Data to process =>

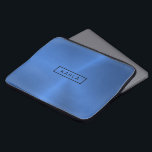 Klein gepolijste blauwe metalen achtergrond laptop sleeve<br><div class="desc">Elegante moderne blauwe tinten polijst metallische textuurafdrukken. Facultatief monogram.</div>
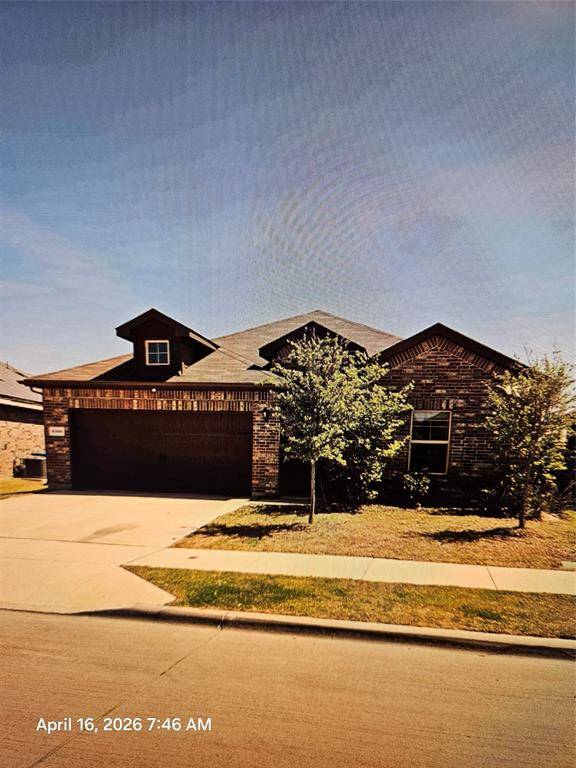 9308 Red Brush Trail, Fort Worth, TX 76131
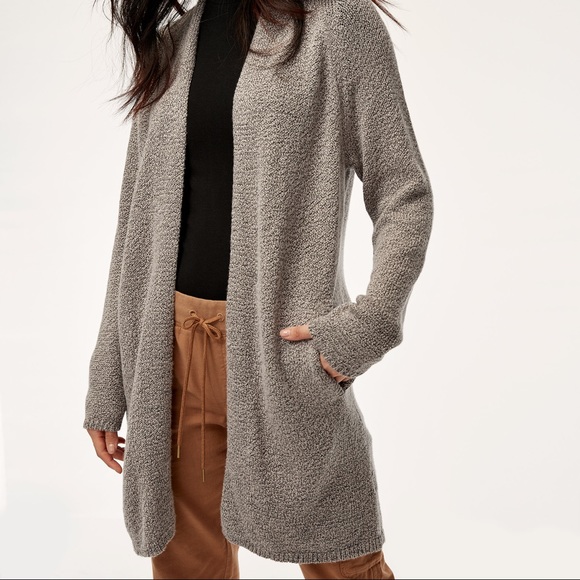 Aritzia - Community Vetus Sweater - Picture 1 of 4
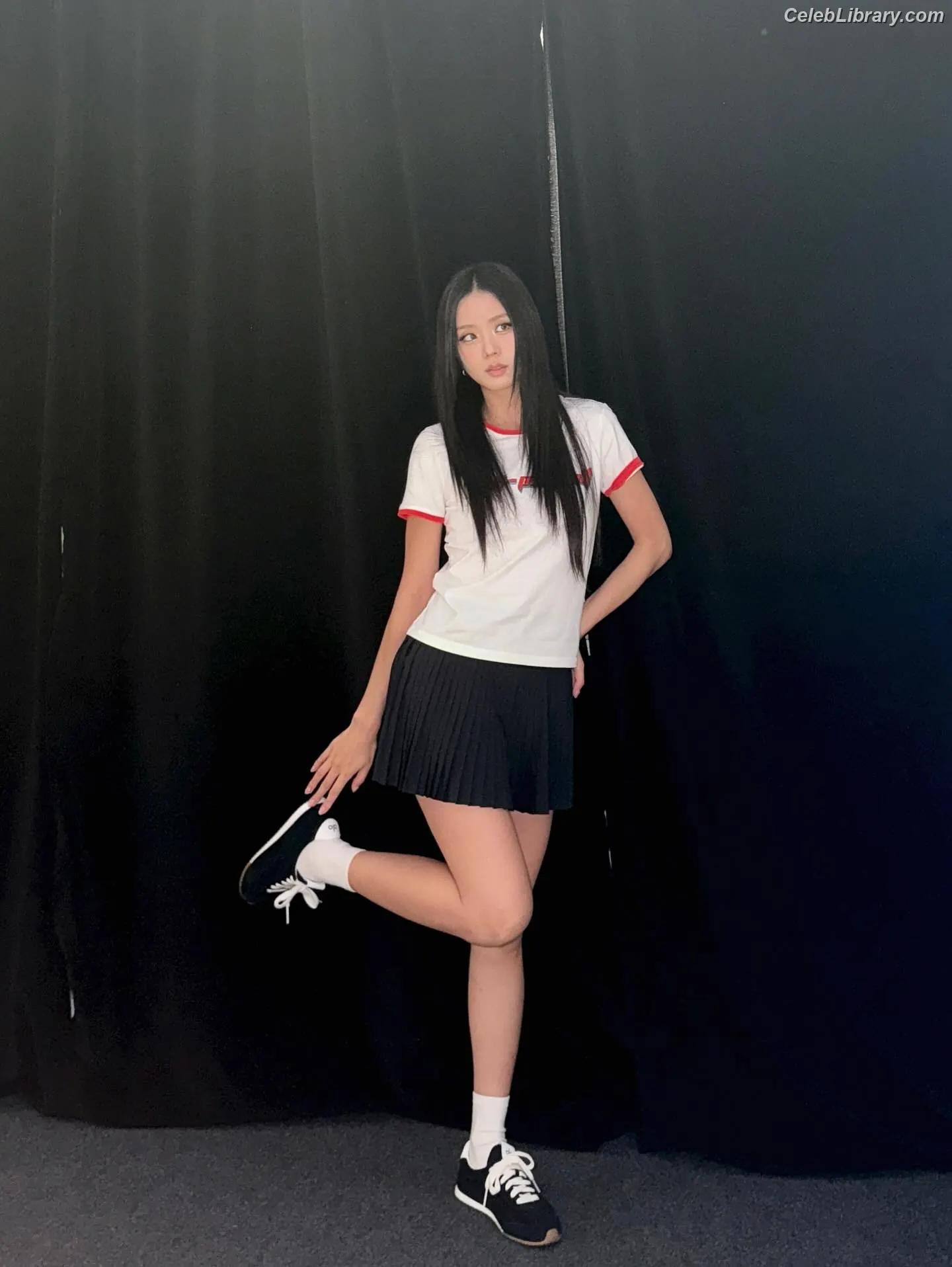 Jisoo - BLΛƆKPIИK ( BLACKPINK ) photo 16 of 2451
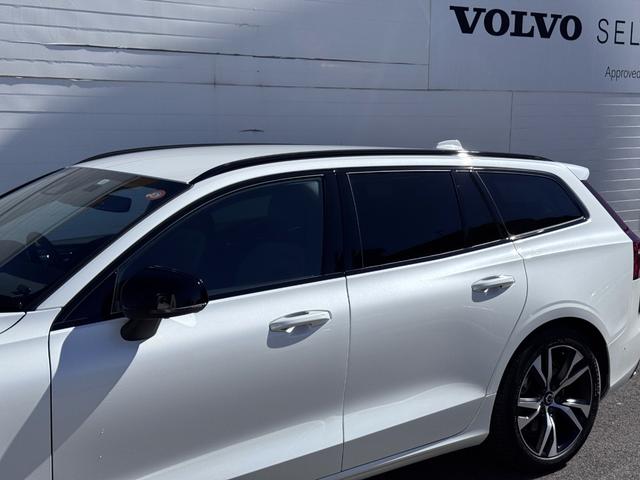 V60 B5 Rデザイン 純正HDDナビ 地デジTV harman/kardonプレミアムサウンド クライメート・パッケージ シート&ステアリングヒーター パワーテールゲートパワーシート 純正18インチAW ETC(18枚目)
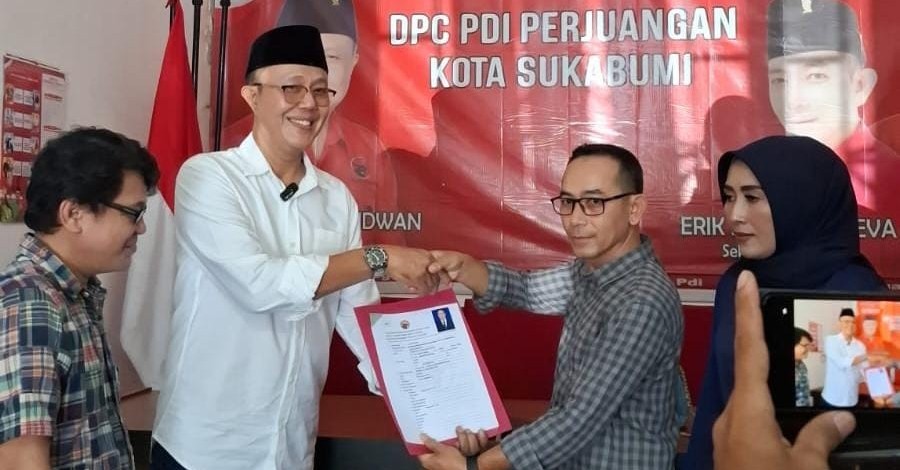Ayep Zaki Serahkan Formulir Pendaftaran Bakal Calon Walikota Sukabumi
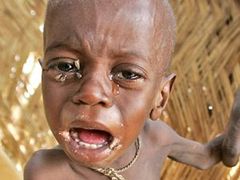 V důsledku válek mnoho dětí hladoví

Directions for this task =>
Give all the lines above again, character for character, without pictures.

Response area =>
 Klein gepolijste blauwe metalen achtergrond laptop sleeve<br><div class="desc">Elegante moderne blauwe tinten polijst metallische textuurafdrukken. Facultatief monogram.</div>
 9308 Red Brush Trail, Fort Worth, TX 76131
 Aritzia - Community Vetus Sweater - Picture 1 of 4
 Jisoo - BLΛƆKPIИK ( BLACKPINK ) photo 16 of 2451
 V60 B5 Rデザイン 純正HDDナビ 地デジTV harman/kardonプレミアムサウンド クライメート・パッケージ シート&ステアリングヒーター パワーテールゲートパワーシート 純正18インチAW ETC(18枚目)
Ayep Zaki Serahkan Formulir Pendaftaran Bakal Calon Walikota Sukabumi
 V důsledku válek mnoho dětí hladoví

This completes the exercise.